The Lincoln Club mailer omits the words "that comes from CDBG."
Alvarez went on to talk about a specific CDBG program called Neighborhood Revitalization Strategy Areas (NRSA). NRSAs are low-income, disadvantaged communities for which the Department of Housing and Urban Development allows more flexibility on how CDBG money can be spent. A city has to apply to HUD to have an area designated a NRSA. When redevelopment ended, San Diego started exploring having certain areas designated NRSAs to boost revitalization efforts (City Heights and Southeast San Diego were formerly designated redevelopment areas).
Once an area's becomes a NRSA, there's extensive community outreach to prioritize need and set out short- and long-term objectives that must be met. Bottom line: the long list of neighborhoods that the Lincoln Club says Alvarez will "cut funding to" would never qualify as NRSAs: Rancho Bernardo, Scripps Ranch, Mission Hills, Hillcrest, North Park, Point Loma, Serra Mesa, Carmel Valley, Bankers Hill, etc.
Neither are most of these neighborhoods home to programs that receive CDBG money, though residents throughout the city can certainly access services from CDBG grantees like the Family Justice Center, the city's clean-syringe-exchange program, Meals-on-Wheels, and the San Diego food bank.
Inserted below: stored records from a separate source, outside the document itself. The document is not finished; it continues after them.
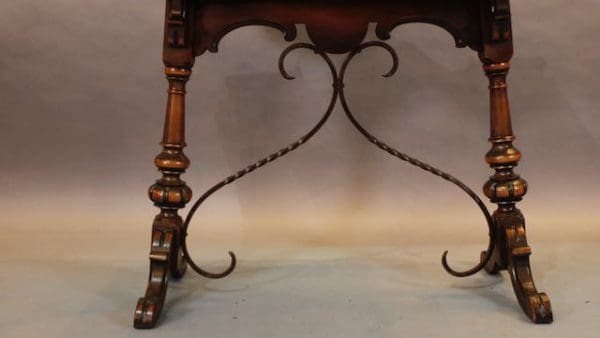39888. Spanish Revival 1920's Side Table With Iron Trestle - Image 4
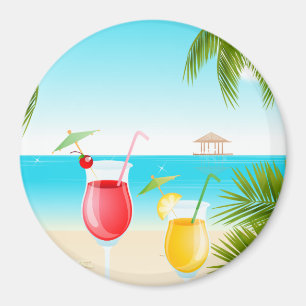 Tropical Beach Cocktail Round Magnet !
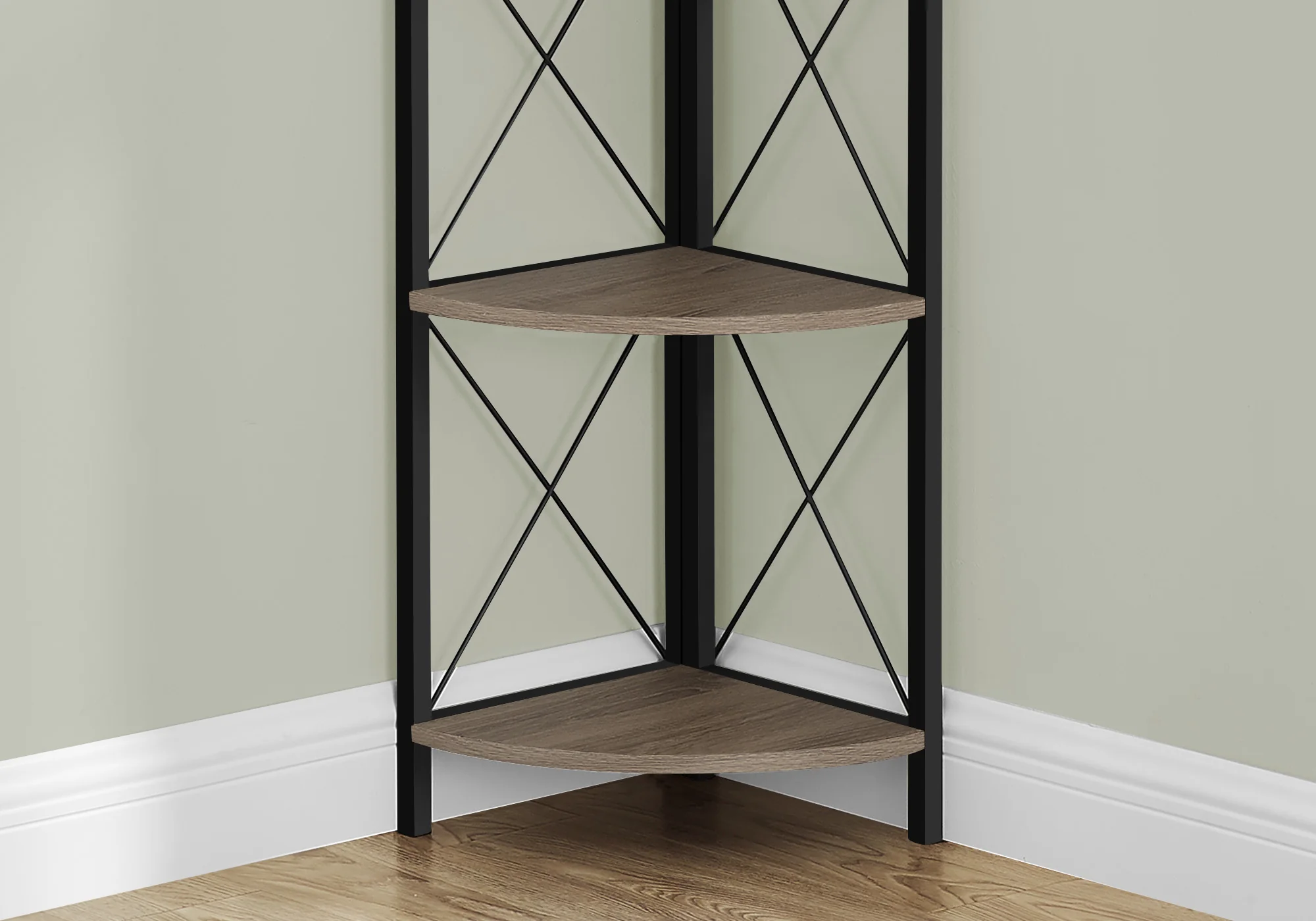 Taupe Metal Corner Bookcase By Homeroots - Image 7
So, don't worry, North of 8ers: If David Alvarez is elected, money for parks, roads and sidewalks isn't going to be cut and diverted only to those other parts of San Diego. But prioritizing projects in poorer, older communities is a key issue in San Diego right now. So much so that Kevin Faulconer's made it a campaign promise. From his campaign website: "For far too long, the City of San Diego has neglected many of its communities.... As mayor, Kevin Faulconer will be committed to creating a better quality of life and economic opportunities in all of San Diego’s communities—starting with our most neglected neighborhoods."
But don't expect that fact to stop the Lincoln Club from sending out more misleading mailers.